Yes, buying new photographic gear and waiting for it arrive is always like the wait for Christmas morning ... every aspect of photography including the activities related to it (like shopping for a small stofen diffuser) makes me excited and feel young, even though my body does not always support that feeling ;D ... well as they say, "the spirit is willing but the body is weak" ... thank God for online shopping, I don't have to move my sorry old a55 from the couch and still shop from around the world and find the cheapest deal ... Hallelujah ;D ... online shopping gives me the luxury of extra time for making or editing photos instead of traveling for shopping.


----------



## AudioGlenn (Mar 2, 2013)

congrats! i made the jump last year from a 60D but I do video too and decided to keep the APS-C camera since it is worth more to me as a 2nd camera angle.


----------



## Jim K (Mar 2, 2013)

You will enjoy it. I added a 5D3 and some lenses to my kit last year. I still smile when I PP images from it.

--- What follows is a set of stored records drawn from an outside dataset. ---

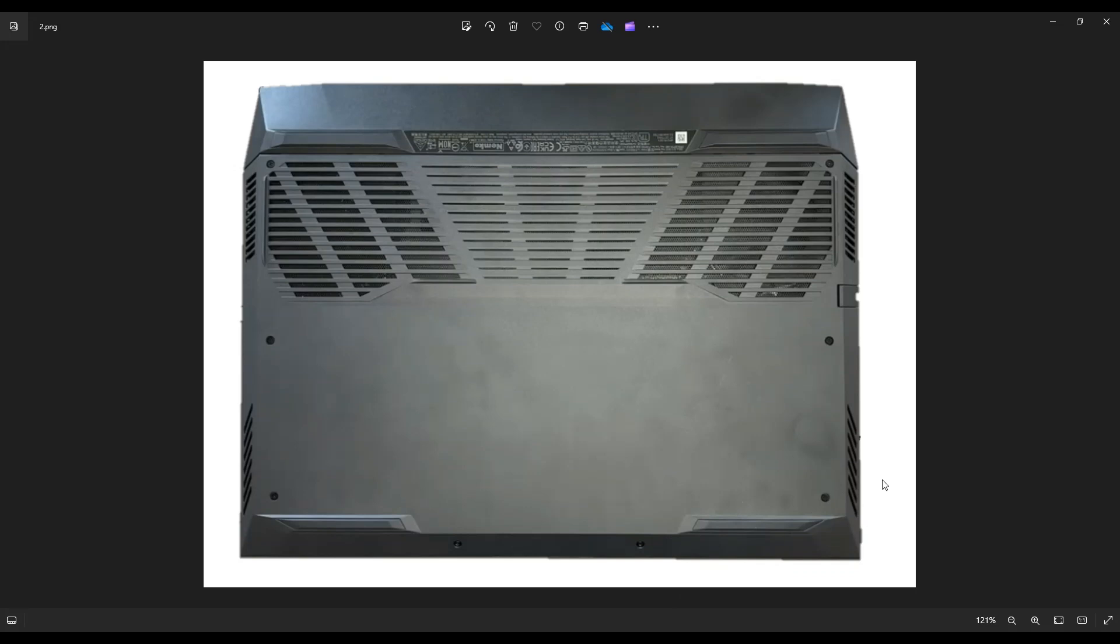You're going to take your pry tool and put it along the edge, along the seam here on the bottom case and the rest of your computer. And you're going to slowly pry this bottom case off from the rest of your computer right through here.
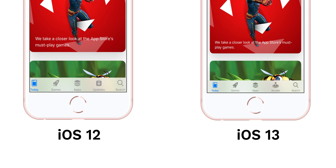Those of you who have already installed iOS 13 or iPadOS 13 might be familiar with the new App Store, where the Arcade window has replaced the Update window. If you are not able to find where to update your apps, I am here to help you.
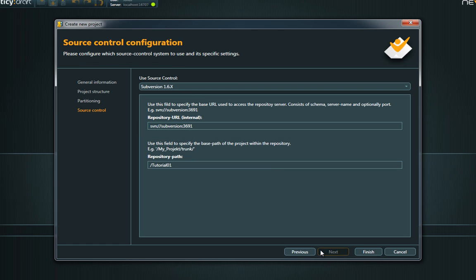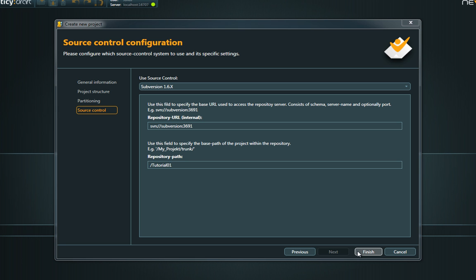The next two pages only refer to the multi-user version and allow changing settings for partitioning and the preferred source control system. These topics are covered in more detail in the specific multi-user tutorials.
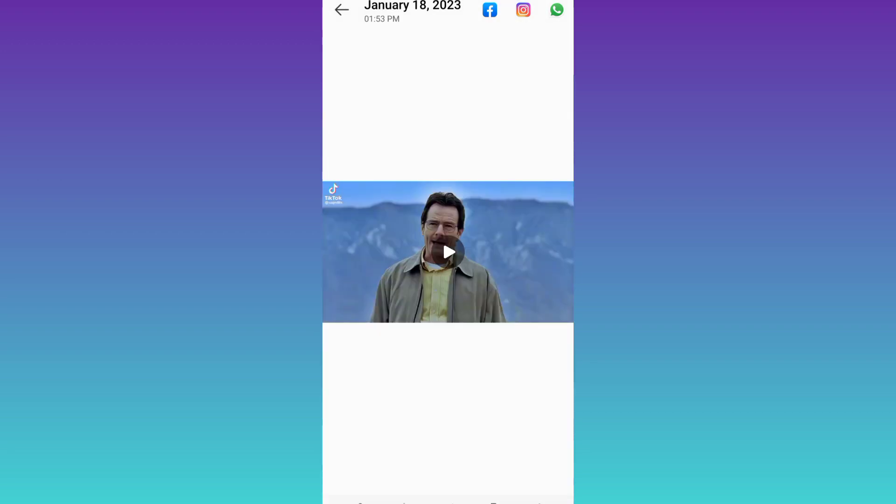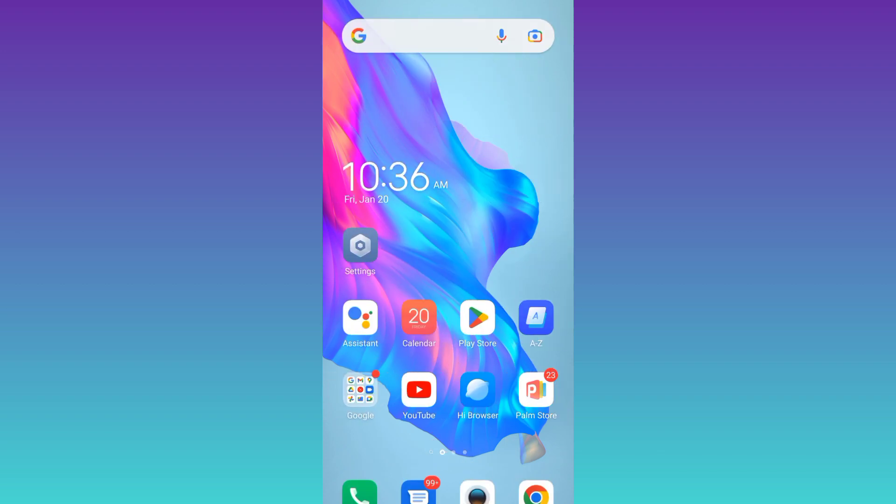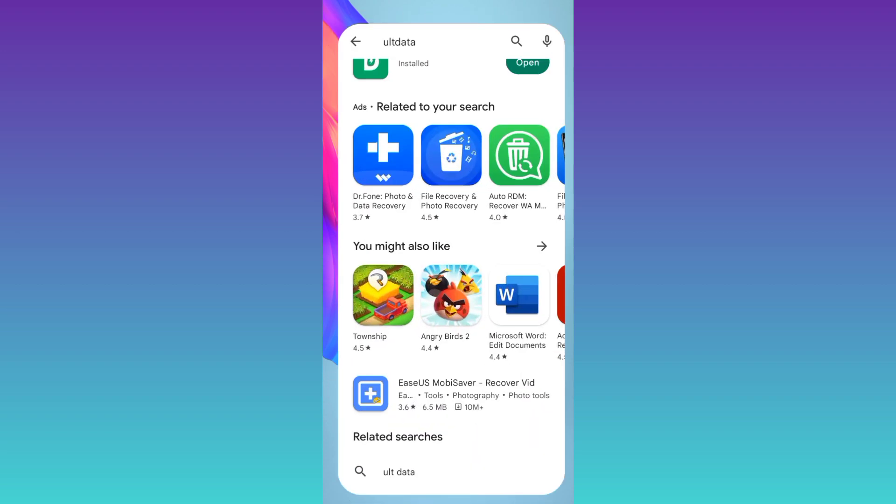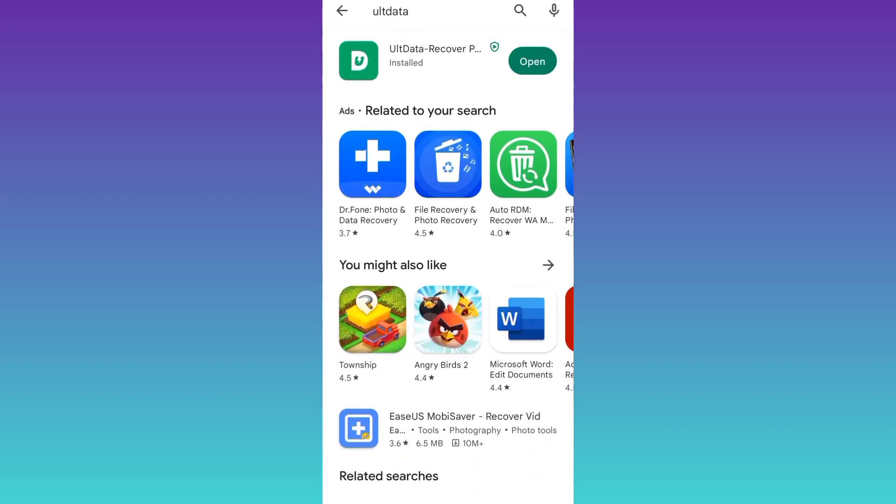Once the photo is deleted, the next thing you need to do is to go to your Play Store and from the Play Store, you need to download this application called ULT data.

But I kept my 7Ds for birds. Some experts will knock the extra reach of a crop but my 500 f/4L cost a lot less than an 800 f/5.6L for FF would and is a stop faster. Can add a 1.4x to the 500 but still can't add one to an 800 and shoot with the 5D3.


----------



## glongstaff (Mar 6, 2013)

fonts said:


> Congratulations! May I ask why you went with the 5D MIII instead of 6D?



It was a coin toss....but seeing I mainly do sports photography, went for the FPS and as the camera is going to be with me for a while...I opted to go that little extra (still have my original film camera Olympus OM-10 - stuck in a cupboard, and have the Canon 350D which has just been put away or for possible sale with its lenses)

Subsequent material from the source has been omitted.